(Image-caption web data)
[Start of Attachment]
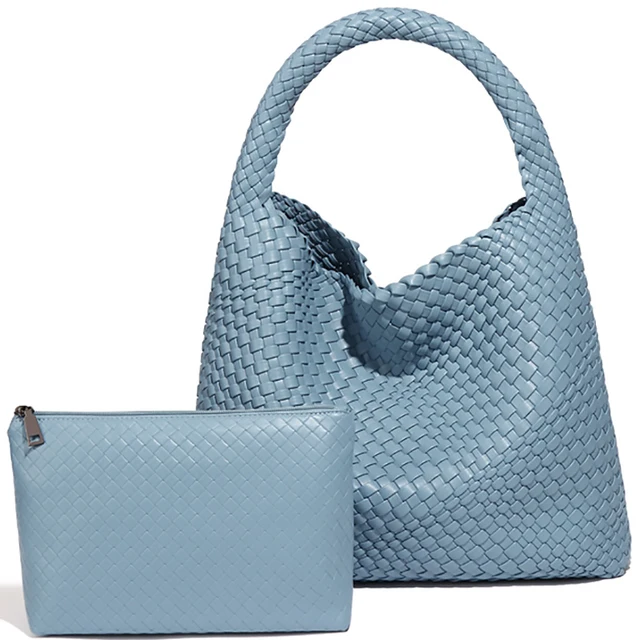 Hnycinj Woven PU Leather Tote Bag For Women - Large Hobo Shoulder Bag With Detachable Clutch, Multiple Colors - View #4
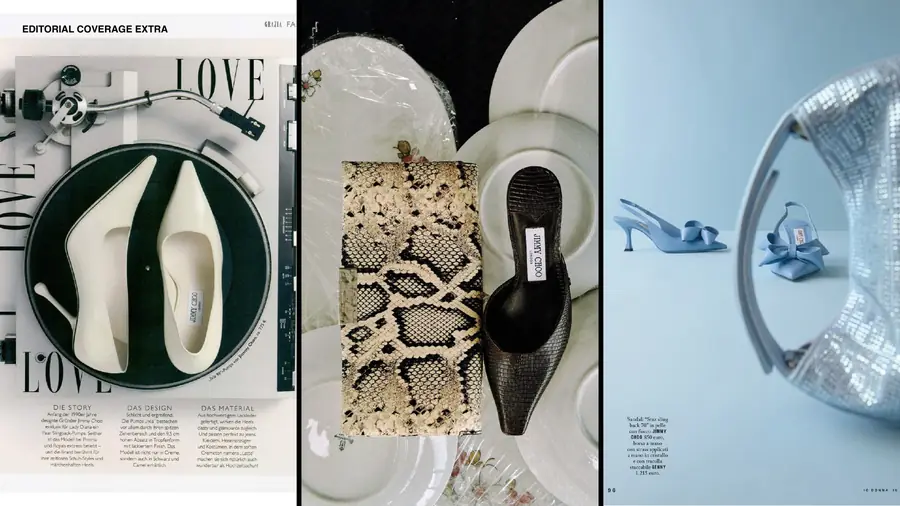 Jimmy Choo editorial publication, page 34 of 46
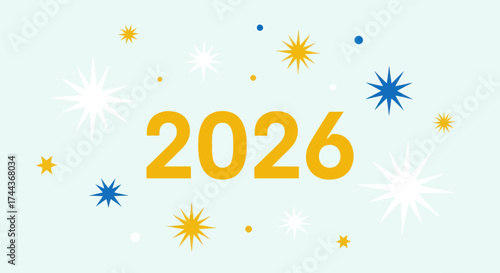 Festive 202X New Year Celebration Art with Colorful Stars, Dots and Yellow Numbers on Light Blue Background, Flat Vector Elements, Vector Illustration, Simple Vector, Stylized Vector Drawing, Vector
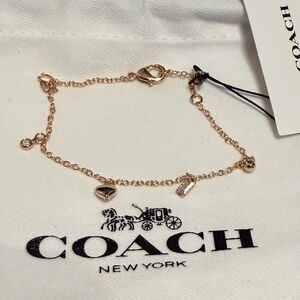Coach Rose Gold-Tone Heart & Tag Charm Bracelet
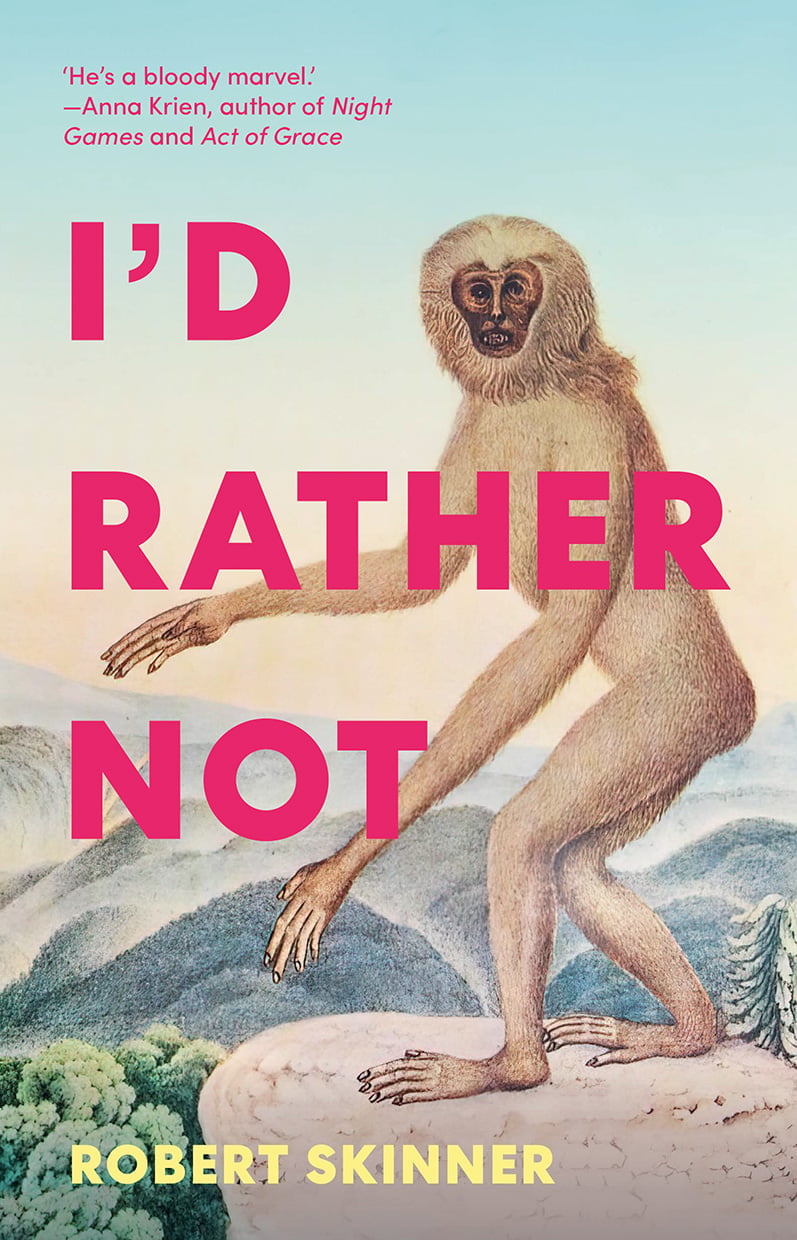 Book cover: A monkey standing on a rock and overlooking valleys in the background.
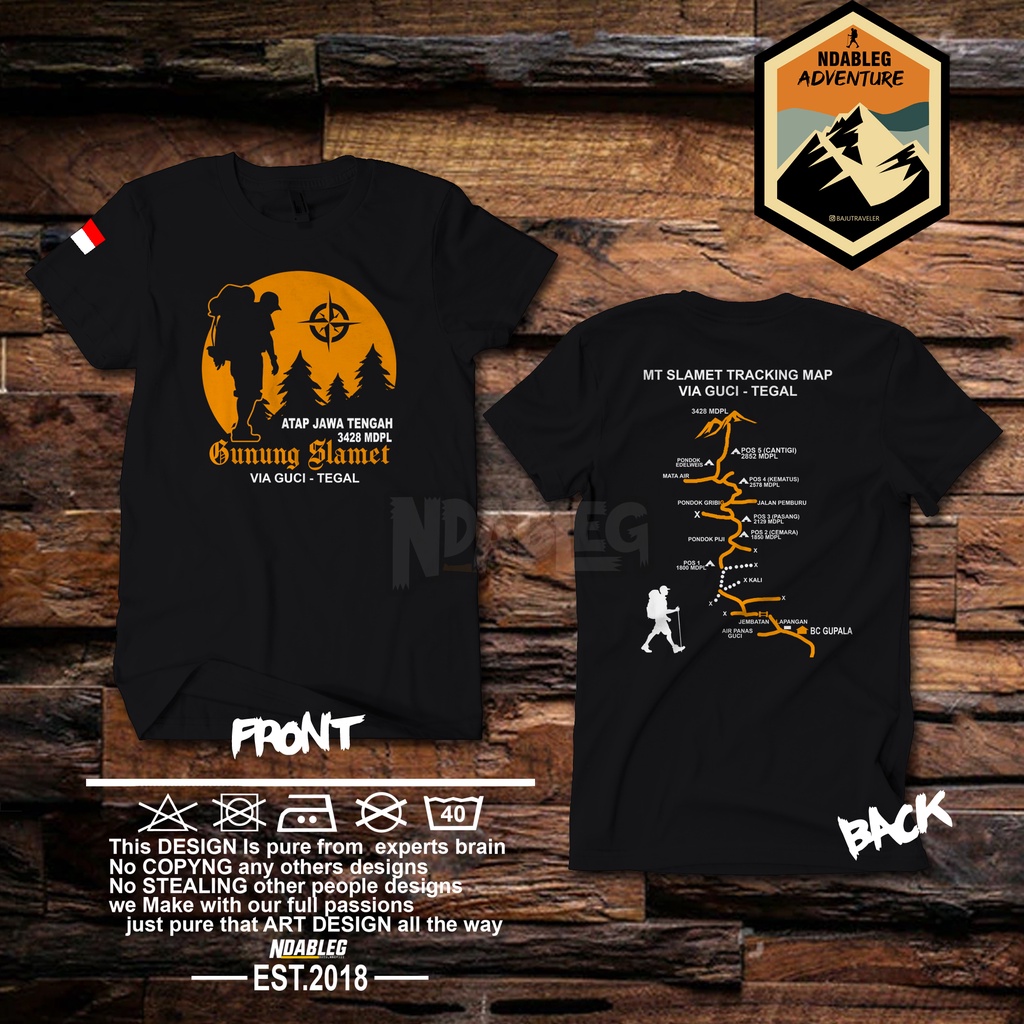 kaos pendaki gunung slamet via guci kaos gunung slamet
[End of Attachment]
• WHAT IS EXPECTED: Retype the lines exactly. Begin at the one that holds "Book cover: A", stop at the last line of the entries above, and drop the pictures.

• WRITTEN SOLUTION:
 Book cover: A monkey standing on a rock and overlooking valleys in the background.
 kaos pendaki gunung slamet via guci kaos gunung slamet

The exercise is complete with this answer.